By definition, $s_1\iff s_2$ is an abbreviation of $s_1\implies s_2$ and $s_2\implies s_1$, or in an alternative notation, $s_1\models s_2$ and $s_2\models s_1$. I will be using the latter.
For $\textbf{(1)}$, assume $s_1\leftrightarrow s_2$ is a tautology. This means, by definition of tautology, that for every valuation $w$ one has $w(s_1\leftrightarrow s_2)=1$. Since by definition of valuation one has $$w(s_1\leftrightarrow s_2)=\min\left(\max(1-w(s_1), w(s_2)), \max(w(s_1), 1-w(s_2))\right),$$ it follows that $\max(1-w(s_1), w(s_2))=1=\max(w(s_1), 1-w(s_2))$.
Now to prove that $s_1\models s_2$ take any valuation $v$ and suppose that $v(s_1)=1$. (The goal is to prove that $v(s_2)=1$). Since $\max(1-v(s_1), v(s_2))=1$ and $1-v(s_1)=0$, one gets $v(s_2)=1$, as desired.
The proof of $s_2\models s_1$ is similar.

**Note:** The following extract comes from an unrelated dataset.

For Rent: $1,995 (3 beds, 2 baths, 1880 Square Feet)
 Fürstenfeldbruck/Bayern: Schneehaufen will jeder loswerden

For $\textbf{(2)}$, suppose $s_1\models s_2$ and $s_2\models s_1$. (The goal is to prove that for every valuation $v$, $v(s_1\leftrightarrow s_2)=1$). Let $v$ by a valuation. One has $$v(s_1\leftrightarrow s_2)=\min\left(\max(1-v(s_1), v(s_2)), \max(v(s_1), 1-v(s_2))\right).$$
Now either $v(s_1)=1$ or $v(s_1)=0$. In the first case, since $s_1\models s_2$, $v(s_2)=1$ follows. Consequently $v(s_1\leftrightarrow s_2)=1$. In the case $v(s_1)=0$, because $s_2\models s_1$, it can't be the case that $v(s_2)=1$, thus $v(s_2)=0$ and $v(s_1\leftrightarrow s_2)=1$.